3. Contoh-contoh Husnudzan
kepada Sesama Manusia
Bentuk-bentuk
sikap Husnudzan kepada sesama manusia antara lain :
a. Ta'aruf, saling
mengenalkan diri untuk membentuk persaudaraan, dengan tidak berlaku
diskriminatif. Karena Allah menciptakan manusia itu untuk saling mengenal.
Sebagaimana disebutkan pada surah ke 49, Al-Hujurat ayat 13:
Artinya: “Hai manusia, Sesungguhnya kami
menciptakan kamu dari seorang lakilaki dan seorang perempuan dan menjadikan
kamu berbangsa-bangsa dan bersukusuku supaya kamu saling kenal-mengenal.
Sesungguhnya orang yang paling mulia diantara kamu disisi Allah ialah orang
yang paling taqwa diantara kamu. Sesungguhnya Allah Maha mengetahui lagi Maha
Mengenal.“ (QS. Al Hujurat [49]:13)
b. Mau melaksanakan kerjasama,
saling membantu dan menolong. Dengan keyakinan bahwa apa yang dikerjakan itu
adalah untuk kepentingan menegakkan kehidupan bersama.
c. Memberikan kepercayaan kepada
sesama manusia pada bidang–bidang atau urusan tertentu. Karena setiap manusia
itu mempunyai kemampuan, bakat tertentu. Hal ini ditegaskan pada surah ke 39,
Az-Zumar ayat 39:
Artinya: “Katakanlah: "Hai kaumku,
Bekerjalah sesuai dengan keadaanmu, Sesungguhnya Aku akan bekerja (pula), Maka
kelak kamu akan mengetahui,” (QS. Az-Zumar [39]:39).
d. Mau memberikan masukan, saran
atau dakwah untuk Islam. Dengan keyakinan dia itu membutuhkan petunjuk dan
kebenaran. Hal ini dicontohkan dari kisah nabi Musa As. ketika berdakwah kepada
Fir’aun. Yang ditegaskan pada surah ke 20, Thaha ayat 44:
Artinya: “Maka
berbicaralah kamu berdua kepadanya dengan kata-kata yang lemah lembut,
Mudah-mudahan ia ingat atau takut".(QS. Thaha [20]:44)
e. Menerima dengan lapang dada
masukan dari orang lain.

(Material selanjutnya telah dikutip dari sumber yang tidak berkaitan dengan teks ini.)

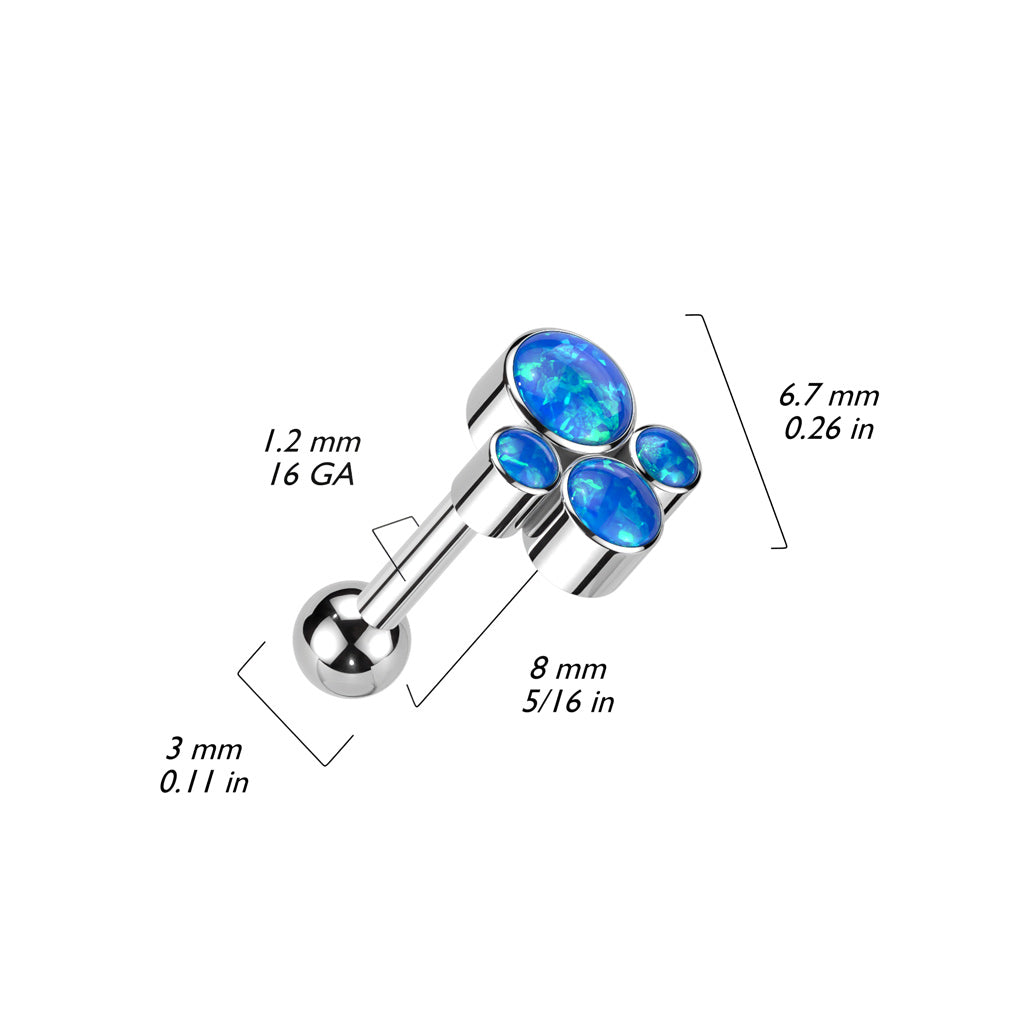 TITANIUM TRIPLE BLUE OPAL BARBELL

Menganggap kritikan dan saran sebagai masukan yang
membangun dan meningkatkan kualitas diri.
4. Hikmah Husnudzan
kepada Sesama Manusia
Di antara
hikmah kita membiasakan perilaku husnudzan adalah:
a. Menentramkan hati
Dengan
berbaik sangka, hati kita selalu bisa menerima apa yang terjadi serta menggali
sisi baiknya. Dengan demikian maka hati menjadi tenteram dan jauh dari kegelisahan.
b. Memudahkan koordinasi
Dengan
adanya Husnudzan kepada sesama manusia, maka akan timbul kehidupan masyarakat
yang penuh dengan kebersamaan, sehingga akan terbentuk sikap saling memanfaatkan
kebaikan dari masing-masing anggota masyarakat. Karena Allah Swt. telah
berfirman pada surah ke 43, Az–Zukhruf ayat 32:
Artinya: “Apakah
mereka yang membagi-bagi rahmat Tuhanmu? kami Telah menentukan antara mereka
penghidupan mereka dalam kehidupan dunia, dan kami Telah meninggikan sebahagian
mereka atas sebagian yang lain beberapa derajat, agar sebagian mereka dapat
mempergunakan sebagian yang lain. dan rahmat Tuhanmu lebih baik dari apa yang
mereka kumpulkan."(QS. Az-Zukhruf [43]:32)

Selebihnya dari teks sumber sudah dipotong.